The results are in: Not remembering names can be a true downer.
Sociologists at Brigham Young University have finally concluded their five-year study on memory loss and depression and found that the two correlate more than previously thought. The focus of the study was to understand the main causes of depression at BYU. While results varied, the overwhelming majority of subjects were crippled into depression because of “the fear of seeing someone I know but I can’t remember their name.”
“It’s hard to talk about,” says sophomore David Teller. “If I see a missionary companion or girl from an old ward or even that friend of my roommate’s friend’s brother and I am not sure of their name, I’ll run home, hide in a corner and watch Gilmore Girls for a week until I feel better.”
Sociologist and professor Ted Pillsmore said, “BYU is a perfect breeding ground for this fear, numoblitaphobia (fear of forgetting a name).

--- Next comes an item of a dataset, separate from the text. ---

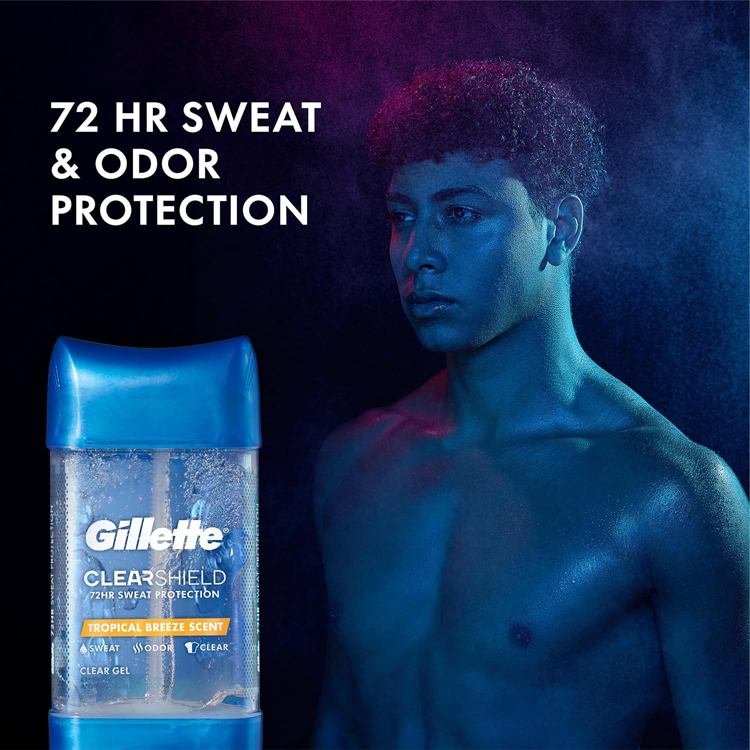 Gillette Antiperspirant Deodorant Clear Gel Ultimate Sweat Protection ...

With so many students and so many ward socials, most students find themselves forgetting around 90% of names told to them and 99% of majors associated with that name.”
Karen Fillmon, a graduate student studying sociology, explained that “the culture of BYU tends to lead to increased cases of numoblitaphobia. We have to shake everybody’s hands, tell them our major and where we’re from. It’s basically a depression time bomb.” Fillmon, a New York City native, expressed that the seeming need to be inquisitively polite to every single person has been a detriment to BYU for years.
While the study was not originally prescriptive, the BYU administration has been quick to take action to cure numoblitophobia on campus. Starting Fall 2013, all students will be required to “display their first given name or preferred name clearly within 2 to 3 inches below the collar.” One administrator suggested, “Students should expect shortages of name tags at most stores and consider purchasing a permanent name tag to wear throughout their time at BYU. Missionary name tags are not acceptable.”